Problem requirements:
Only the lines below between the ones containing "Elin Pirsos picture" and "店主は黒いボタン付きの白いシ", inclusive, are to be reproduced, each exactly as it stands.

Data records Block Start

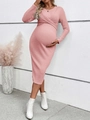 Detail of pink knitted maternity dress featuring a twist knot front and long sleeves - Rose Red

Data records Block End
Data records Block Start

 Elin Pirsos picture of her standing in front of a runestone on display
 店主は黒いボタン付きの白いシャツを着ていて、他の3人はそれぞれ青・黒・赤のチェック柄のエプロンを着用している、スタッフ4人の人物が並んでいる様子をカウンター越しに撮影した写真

Data records Block End

Answer below:
 Elin Pirsos picture of her standing in front of a runestone on display
 店主は黒いボタン付きの白いシャツを着ていて、他の3人はそれぞれ青・黒・赤のチェック柄のエプロンを着用している、スタッフ4人の人物が並んでいる様子をカウンター越しに撮影した写真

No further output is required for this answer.